Поддеть ли кого половчее, провести ли простачка поискусней, туману ль кому в глаза подпустить, Марко Данилыч, бывало, его за бока, а сам будто в сторонке, ничего будто не знает, ничего не ведает. Рад был приказчик таким порученьям, любил похвастать хитрым своим разумом, повеличаться ловкой находчивостью, похвалиться уменьем всякого человека в дураки посадить, да потом еще вдоволь насмеяться над его оплошкой и недогадкою.
На брань, на попреки обманутого только, бывало, хихикает да его же корит: «А кто тебе, умному человеку, говорит, велел от нас, дураков, гнилой товар принимать? Кто тебе указывал на торгу глаза врозь распускать?.. Коли ты умный человек называешься, так, когда берешь, чванься, а взял, так кланяйся».

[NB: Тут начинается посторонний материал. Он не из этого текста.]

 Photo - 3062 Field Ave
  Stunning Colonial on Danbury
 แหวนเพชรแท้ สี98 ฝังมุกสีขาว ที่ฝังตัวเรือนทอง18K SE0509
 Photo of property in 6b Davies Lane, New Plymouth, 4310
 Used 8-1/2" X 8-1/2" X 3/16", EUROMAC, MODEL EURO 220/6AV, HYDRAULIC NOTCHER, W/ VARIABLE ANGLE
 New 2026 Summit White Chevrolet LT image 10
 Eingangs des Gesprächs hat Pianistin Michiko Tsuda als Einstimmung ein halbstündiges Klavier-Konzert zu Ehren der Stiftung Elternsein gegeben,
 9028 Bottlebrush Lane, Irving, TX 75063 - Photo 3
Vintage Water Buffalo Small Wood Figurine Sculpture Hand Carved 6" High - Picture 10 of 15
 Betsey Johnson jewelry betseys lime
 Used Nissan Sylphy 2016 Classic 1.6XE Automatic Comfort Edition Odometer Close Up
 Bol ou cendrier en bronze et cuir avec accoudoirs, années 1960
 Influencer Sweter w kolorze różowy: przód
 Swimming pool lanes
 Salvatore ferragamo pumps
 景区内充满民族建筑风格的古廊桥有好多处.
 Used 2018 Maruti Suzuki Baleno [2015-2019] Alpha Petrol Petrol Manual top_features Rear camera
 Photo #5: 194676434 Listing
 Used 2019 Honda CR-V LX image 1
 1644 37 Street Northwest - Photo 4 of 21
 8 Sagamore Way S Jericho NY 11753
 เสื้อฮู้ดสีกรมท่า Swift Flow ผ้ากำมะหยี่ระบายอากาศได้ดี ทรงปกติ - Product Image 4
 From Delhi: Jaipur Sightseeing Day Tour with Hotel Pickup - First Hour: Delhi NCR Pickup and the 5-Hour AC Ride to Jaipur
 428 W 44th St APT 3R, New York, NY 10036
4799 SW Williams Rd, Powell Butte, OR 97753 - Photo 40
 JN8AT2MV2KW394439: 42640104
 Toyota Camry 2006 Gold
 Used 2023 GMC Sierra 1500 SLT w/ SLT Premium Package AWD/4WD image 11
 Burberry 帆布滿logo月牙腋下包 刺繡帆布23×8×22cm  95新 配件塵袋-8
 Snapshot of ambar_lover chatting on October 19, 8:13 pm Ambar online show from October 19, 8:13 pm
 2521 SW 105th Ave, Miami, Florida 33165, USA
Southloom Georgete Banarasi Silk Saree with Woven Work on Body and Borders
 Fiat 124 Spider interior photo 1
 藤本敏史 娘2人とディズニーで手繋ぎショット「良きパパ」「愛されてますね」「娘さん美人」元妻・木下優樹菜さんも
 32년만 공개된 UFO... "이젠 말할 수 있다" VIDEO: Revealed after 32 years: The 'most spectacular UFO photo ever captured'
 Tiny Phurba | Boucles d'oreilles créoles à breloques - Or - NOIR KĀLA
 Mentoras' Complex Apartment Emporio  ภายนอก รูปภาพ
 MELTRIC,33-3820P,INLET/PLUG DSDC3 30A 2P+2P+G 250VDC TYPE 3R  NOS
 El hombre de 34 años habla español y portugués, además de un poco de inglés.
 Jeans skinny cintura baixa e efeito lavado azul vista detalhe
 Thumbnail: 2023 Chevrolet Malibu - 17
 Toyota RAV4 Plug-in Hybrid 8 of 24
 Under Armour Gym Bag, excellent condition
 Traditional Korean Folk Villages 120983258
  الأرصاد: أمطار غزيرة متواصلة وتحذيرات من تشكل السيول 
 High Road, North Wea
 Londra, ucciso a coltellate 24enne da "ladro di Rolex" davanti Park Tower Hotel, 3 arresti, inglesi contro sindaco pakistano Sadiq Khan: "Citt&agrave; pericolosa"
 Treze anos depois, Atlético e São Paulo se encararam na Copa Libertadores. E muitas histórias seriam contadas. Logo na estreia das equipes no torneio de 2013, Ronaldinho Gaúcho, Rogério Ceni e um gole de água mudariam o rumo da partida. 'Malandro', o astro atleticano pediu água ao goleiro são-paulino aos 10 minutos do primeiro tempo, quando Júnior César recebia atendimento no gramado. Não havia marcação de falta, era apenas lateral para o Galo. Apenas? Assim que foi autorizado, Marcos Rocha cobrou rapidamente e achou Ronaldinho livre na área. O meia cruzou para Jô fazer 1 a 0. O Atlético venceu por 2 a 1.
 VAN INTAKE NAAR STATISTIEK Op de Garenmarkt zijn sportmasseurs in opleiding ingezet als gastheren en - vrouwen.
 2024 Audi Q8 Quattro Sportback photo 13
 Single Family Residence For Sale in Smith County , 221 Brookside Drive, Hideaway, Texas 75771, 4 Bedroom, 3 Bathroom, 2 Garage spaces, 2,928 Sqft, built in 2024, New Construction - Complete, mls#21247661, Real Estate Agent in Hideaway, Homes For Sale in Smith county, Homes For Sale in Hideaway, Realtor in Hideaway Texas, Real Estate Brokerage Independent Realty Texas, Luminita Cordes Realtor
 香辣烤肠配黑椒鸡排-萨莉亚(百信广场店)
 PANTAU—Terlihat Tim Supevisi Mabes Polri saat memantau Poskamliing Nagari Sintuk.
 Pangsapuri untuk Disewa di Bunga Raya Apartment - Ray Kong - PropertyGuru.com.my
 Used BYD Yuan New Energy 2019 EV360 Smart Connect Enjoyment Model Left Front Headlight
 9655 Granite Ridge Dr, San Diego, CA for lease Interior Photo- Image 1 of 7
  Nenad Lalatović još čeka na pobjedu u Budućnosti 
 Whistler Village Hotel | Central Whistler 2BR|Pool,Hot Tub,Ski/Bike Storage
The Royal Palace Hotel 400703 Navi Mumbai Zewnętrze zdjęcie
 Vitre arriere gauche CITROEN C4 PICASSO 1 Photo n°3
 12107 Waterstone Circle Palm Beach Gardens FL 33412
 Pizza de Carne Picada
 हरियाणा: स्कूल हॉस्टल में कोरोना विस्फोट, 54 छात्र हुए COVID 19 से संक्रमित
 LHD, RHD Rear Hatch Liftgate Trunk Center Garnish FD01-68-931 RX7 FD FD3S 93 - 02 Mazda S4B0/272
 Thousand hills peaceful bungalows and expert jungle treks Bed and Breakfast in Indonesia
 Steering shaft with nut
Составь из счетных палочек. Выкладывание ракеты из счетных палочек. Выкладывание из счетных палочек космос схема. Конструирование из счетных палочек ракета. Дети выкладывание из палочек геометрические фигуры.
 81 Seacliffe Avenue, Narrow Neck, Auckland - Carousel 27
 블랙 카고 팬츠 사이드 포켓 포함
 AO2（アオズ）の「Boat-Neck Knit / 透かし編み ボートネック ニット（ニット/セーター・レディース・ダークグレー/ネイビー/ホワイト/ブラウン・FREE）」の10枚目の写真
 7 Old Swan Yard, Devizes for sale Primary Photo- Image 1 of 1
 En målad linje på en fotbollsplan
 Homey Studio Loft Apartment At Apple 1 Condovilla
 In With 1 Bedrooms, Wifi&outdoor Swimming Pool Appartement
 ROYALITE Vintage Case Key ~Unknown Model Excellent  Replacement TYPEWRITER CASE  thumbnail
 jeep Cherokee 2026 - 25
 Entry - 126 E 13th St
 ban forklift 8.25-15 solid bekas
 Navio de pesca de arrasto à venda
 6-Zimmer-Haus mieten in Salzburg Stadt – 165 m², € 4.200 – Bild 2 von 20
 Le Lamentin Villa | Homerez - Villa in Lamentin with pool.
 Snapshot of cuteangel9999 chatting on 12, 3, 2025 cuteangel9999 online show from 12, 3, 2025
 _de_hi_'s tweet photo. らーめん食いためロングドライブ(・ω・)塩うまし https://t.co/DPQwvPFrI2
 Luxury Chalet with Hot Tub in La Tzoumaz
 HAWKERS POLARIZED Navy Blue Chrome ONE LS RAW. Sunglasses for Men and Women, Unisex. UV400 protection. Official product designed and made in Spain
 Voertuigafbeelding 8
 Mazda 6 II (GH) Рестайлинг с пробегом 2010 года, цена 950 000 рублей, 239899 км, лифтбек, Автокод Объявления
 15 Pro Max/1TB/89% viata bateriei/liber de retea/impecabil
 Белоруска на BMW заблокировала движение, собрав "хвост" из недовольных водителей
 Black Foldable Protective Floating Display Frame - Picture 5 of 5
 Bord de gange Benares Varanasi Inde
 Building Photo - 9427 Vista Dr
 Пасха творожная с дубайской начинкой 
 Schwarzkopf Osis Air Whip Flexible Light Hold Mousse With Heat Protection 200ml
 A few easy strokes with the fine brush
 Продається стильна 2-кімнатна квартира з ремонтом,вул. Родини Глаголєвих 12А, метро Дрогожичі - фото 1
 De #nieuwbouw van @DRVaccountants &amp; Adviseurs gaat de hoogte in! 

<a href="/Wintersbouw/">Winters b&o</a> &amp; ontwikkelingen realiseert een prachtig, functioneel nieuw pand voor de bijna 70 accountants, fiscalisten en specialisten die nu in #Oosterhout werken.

И не было тому приказчику другого имени как «Прожженный». А крещеное имя было ему Корней Евстигнеев. Был он тот самый человек, что когда-то в молодых еще годах из Астрахани пешком пришел, принес Марку Данилычу известие о погибели его брата на льдинах Каспийского моря. С той поры и стал он в приближенье у хозяина.
Восстав от сна на другой день после катанья в косной, Марко Данилыч послал за Корнеем Прожженным. Тот не замедлил.
Размашисто помолясь на иконы и молча поклонясь хозяину, стал он у стола и, опершись на него рукой, спросил:
– Посылали за мной?
– Да, Евстигнеич, – сказал Марко Данилыч. – Дельце есть, для того и позвал.
– Знамо, что за делом. За бездельем-то бегать сапогов не напасешься,пробурчал Прожженный и, подняв голову, стал потолок оглядывать.
– Тебе сегодня же поутру надо в путь-дорогу, – молвил ему Марко Данилыч.
– Куда?
– В Царицын.
– За коим лешим? По арбузы аль по горчицу? Новы торги, видно, заводить охота пришла, – насмешливо молвил Корней.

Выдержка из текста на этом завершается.